**Problem description**
In the listing below, the lines starting with the line with "As long as the" and going on through the line with "After you've logged" are to be reproduced exactly, and only those.

Available records Block Start

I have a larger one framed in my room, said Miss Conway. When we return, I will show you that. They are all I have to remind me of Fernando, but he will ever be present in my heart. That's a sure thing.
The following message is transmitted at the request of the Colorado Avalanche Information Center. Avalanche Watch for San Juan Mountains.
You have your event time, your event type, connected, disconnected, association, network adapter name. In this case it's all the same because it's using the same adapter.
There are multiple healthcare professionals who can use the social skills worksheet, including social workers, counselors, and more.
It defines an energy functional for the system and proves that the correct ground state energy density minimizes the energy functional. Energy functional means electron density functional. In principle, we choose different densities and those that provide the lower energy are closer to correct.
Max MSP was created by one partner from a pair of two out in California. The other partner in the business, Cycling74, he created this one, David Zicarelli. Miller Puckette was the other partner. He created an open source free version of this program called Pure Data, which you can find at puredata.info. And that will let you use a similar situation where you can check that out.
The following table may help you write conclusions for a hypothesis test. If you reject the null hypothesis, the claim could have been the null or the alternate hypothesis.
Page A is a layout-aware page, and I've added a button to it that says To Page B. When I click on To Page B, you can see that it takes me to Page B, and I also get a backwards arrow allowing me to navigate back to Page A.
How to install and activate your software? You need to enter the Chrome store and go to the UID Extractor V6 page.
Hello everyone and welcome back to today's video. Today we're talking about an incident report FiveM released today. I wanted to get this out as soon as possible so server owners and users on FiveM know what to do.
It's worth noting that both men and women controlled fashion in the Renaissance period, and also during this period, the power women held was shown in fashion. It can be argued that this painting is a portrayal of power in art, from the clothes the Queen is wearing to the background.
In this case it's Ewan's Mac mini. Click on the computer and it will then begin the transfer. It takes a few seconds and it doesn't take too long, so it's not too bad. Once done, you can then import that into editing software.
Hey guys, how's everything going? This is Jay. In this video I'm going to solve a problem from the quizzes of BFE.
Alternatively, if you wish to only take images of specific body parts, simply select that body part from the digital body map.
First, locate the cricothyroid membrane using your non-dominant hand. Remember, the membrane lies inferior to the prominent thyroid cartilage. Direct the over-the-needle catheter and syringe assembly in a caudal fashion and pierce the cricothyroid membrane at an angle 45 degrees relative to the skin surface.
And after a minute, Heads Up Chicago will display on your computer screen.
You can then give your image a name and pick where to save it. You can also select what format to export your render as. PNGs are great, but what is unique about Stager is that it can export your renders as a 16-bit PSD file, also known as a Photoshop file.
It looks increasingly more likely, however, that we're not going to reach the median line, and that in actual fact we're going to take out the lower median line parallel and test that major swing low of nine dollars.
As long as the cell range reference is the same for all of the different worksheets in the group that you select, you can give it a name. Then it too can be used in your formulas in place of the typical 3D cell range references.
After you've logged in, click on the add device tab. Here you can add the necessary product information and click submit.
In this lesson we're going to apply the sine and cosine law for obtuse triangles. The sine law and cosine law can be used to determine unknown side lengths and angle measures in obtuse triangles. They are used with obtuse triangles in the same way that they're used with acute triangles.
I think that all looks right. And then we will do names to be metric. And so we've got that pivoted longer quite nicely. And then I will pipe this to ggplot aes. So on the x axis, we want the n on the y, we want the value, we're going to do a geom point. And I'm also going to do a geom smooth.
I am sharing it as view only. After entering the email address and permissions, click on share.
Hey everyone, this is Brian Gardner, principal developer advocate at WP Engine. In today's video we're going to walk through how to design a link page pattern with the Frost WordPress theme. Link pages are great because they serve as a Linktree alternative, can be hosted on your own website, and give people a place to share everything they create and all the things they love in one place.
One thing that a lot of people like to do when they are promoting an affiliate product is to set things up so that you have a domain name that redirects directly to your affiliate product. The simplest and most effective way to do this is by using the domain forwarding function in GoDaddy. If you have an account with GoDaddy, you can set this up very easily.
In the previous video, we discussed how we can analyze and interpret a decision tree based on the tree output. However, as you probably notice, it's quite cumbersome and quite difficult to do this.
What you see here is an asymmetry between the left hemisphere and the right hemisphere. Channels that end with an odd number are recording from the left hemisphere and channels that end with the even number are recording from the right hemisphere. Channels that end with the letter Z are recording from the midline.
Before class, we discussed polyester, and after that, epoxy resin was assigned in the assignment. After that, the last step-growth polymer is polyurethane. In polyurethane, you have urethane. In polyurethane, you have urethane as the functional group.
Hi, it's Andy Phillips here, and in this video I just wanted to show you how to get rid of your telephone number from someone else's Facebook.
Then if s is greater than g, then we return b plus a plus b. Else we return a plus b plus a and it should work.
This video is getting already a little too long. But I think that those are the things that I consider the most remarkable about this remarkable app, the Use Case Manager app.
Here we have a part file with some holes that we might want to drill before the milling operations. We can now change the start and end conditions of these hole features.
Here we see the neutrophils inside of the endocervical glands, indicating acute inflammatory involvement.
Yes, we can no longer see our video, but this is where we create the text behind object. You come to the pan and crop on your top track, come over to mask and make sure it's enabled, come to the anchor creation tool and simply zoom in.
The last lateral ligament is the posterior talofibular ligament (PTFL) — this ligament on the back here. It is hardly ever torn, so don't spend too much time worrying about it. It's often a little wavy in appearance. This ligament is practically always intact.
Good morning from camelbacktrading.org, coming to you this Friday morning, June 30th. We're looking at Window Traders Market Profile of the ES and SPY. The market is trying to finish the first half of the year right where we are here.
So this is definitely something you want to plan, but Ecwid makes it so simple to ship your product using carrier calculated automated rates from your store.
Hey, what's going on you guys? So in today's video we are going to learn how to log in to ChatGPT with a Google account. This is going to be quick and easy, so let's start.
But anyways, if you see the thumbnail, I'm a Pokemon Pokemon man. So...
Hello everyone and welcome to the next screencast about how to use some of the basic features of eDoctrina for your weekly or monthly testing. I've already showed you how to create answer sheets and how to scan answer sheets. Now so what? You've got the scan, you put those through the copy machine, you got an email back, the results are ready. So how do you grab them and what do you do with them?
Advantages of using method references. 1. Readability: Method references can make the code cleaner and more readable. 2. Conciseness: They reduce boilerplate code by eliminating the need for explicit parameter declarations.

Available records Block End

**Result of the exercise**
As long as the cell range reference is the same for all of the different worksheets in the group that you select, you can give it a name. Then it too can be used in your formulas in place of the typical 3D cell range references.
After you've logged in, click on the add device tab. Here you can add the necessary product information and click submit.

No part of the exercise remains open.